__AVAILABLE DATA__:
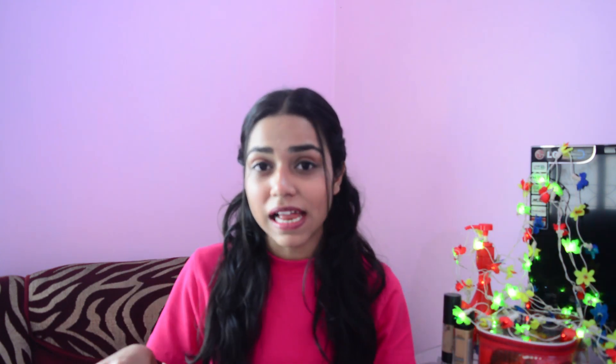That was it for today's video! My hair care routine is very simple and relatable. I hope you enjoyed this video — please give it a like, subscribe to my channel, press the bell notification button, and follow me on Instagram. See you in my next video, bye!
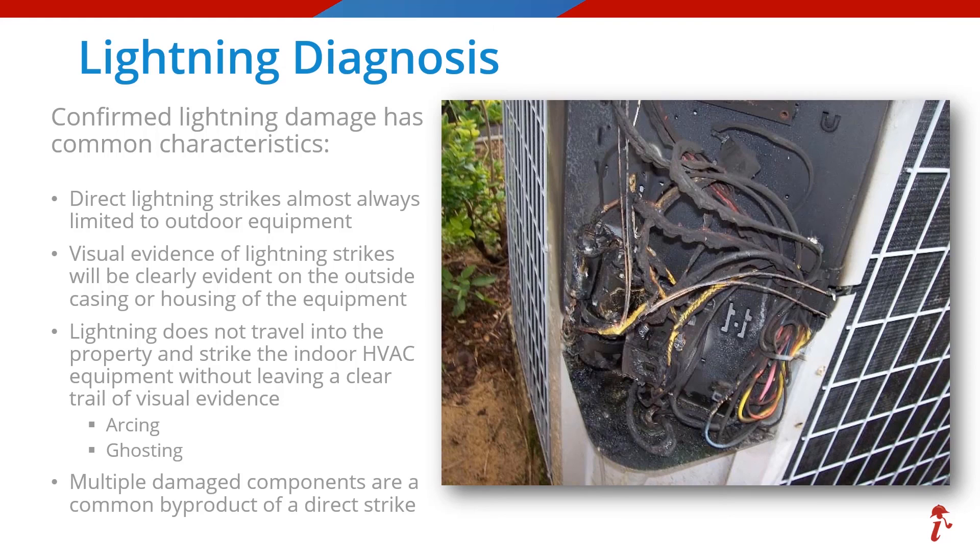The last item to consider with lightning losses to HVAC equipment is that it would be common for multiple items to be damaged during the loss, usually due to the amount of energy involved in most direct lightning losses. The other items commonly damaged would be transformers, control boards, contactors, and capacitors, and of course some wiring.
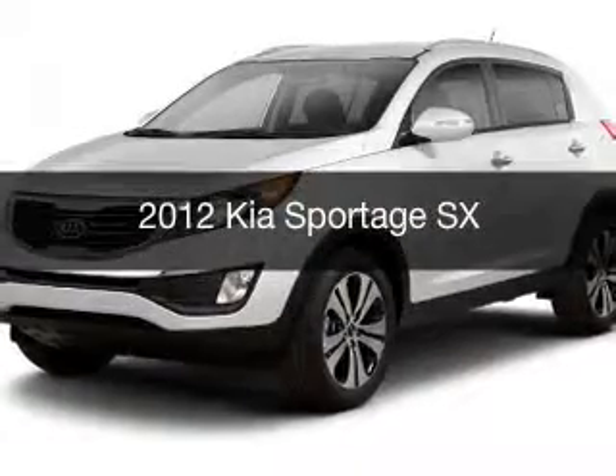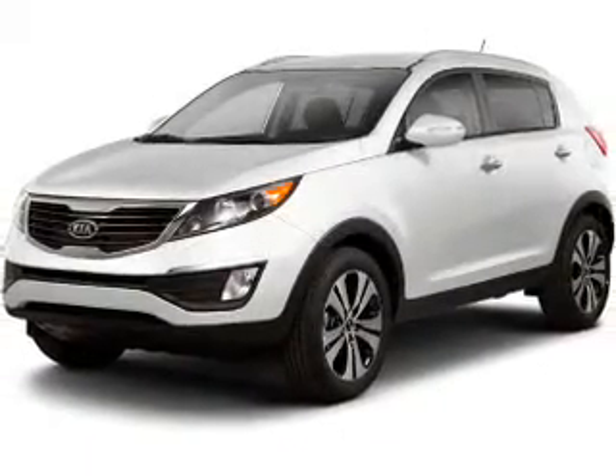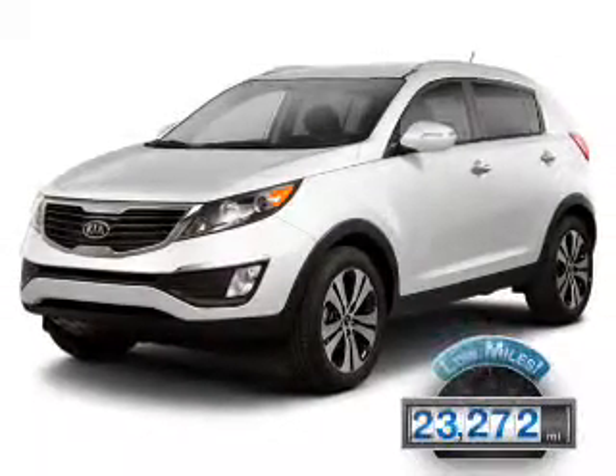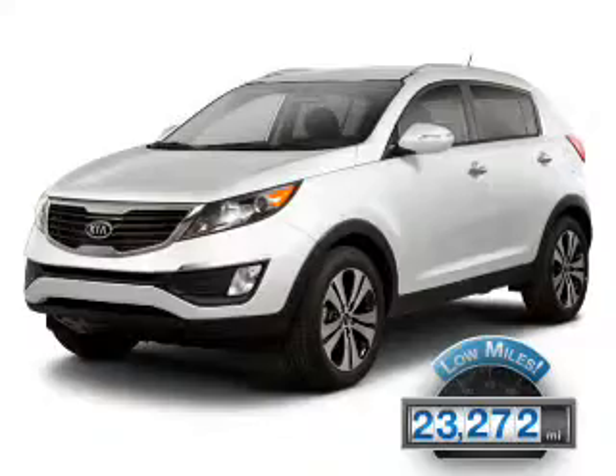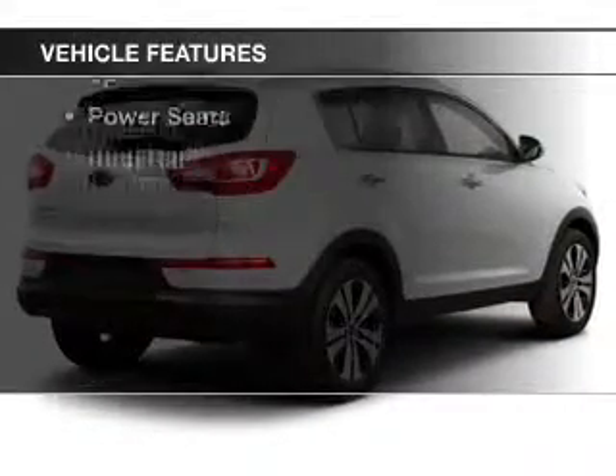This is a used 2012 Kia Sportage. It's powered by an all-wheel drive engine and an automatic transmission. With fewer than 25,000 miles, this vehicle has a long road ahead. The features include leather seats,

__WHAT YOU WILL DO__: What is needed is an exact copy of all the data, with no images in it.

__WRITTEN ANSWER__:
That was it for today's video! My hair care routine is very simple and relatable. I hope you enjoyed this video — please give it a like, subscribe to my channel, press the bell notification button, and follow me on Instagram. See you in my next video, bye!
The last item to consider with lightning losses to HVAC equipment is that it would be common for multiple items to be damaged during the loss, usually due to the amount of energy involved in most direct lightning losses. The other items commonly damaged would be transformers, control boards, contactors, and capacitors, and of course some wiring.
This is a used 2012 Kia Sportage. It's powered by an all-wheel drive engine and an automatic transmission. With fewer than 25,000 miles, this vehicle has a long road ahead. The features include leather seats,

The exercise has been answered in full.